The task: The data must be given again in full, with no line altered.

--

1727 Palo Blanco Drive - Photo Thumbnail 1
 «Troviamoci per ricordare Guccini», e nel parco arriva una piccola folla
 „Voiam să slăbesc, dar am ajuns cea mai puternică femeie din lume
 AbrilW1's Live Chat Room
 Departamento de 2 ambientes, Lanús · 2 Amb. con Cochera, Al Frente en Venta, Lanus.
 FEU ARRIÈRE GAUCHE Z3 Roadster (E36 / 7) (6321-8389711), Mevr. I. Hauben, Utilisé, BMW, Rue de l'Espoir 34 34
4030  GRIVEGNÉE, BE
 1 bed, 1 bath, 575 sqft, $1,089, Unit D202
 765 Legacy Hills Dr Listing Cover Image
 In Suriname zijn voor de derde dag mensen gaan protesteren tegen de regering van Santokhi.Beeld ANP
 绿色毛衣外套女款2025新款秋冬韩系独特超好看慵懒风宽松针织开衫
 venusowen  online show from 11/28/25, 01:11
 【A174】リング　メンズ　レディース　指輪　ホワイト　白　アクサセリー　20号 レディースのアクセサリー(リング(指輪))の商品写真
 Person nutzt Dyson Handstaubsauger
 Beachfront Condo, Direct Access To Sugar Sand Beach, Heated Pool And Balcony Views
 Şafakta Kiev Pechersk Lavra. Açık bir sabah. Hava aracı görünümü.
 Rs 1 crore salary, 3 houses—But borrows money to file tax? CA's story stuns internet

--

Response area:
1727 Palo Blanco Drive - Photo Thumbnail 1
 «Troviamoci per ricordare Guccini», e nel parco arriva una piccola folla
 „Voiam să slăbesc, dar am ajuns cea mai puternică femeie din lume
 AbrilW1's Live Chat Room
 Departamento de 2 ambientes, Lanús · 2 Amb. con Cochera, Al Frente en Venta, Lanus.
 FEU ARRIÈRE GAUCHE Z3 Roadster (E36 / 7) (6321-8389711), Mevr. I. Hauben, Utilisé, BMW, Rue de l'Espoir 34 34
4030  GRIVEGNÉE, BE
 1 bed, 1 bath, 575 sqft, $1,089, Unit D202
 765 Legacy Hills Dr Listing Cover Image
 In Suriname zijn voor de derde dag mensen gaan protesteren tegen de regering van Santokhi.Beeld ANP
 绿色毛衣外套女款2025新款秋冬韩系独特超好看慵懒风宽松针织开衫
 venusowen  online show from 11/28/25, 01:11
 【A174】リング　メンズ　レディース　指輪　ホワイト　白　アクサセリー　20号 レディースのアクセサリー(リング(指輪))の商品写真
 Person nutzt Dyson Handstaubsauger
 Beachfront Condo, Direct Access To Sugar Sand Beach, Heated Pool And Balcony Views
 Şafakta Kiev Pechersk Lavra. Açık bir sabah. Hava aracı görünümü.
 Rs 1 crore salary, 3 houses—But borrows money to file tax? CA's story stuns internet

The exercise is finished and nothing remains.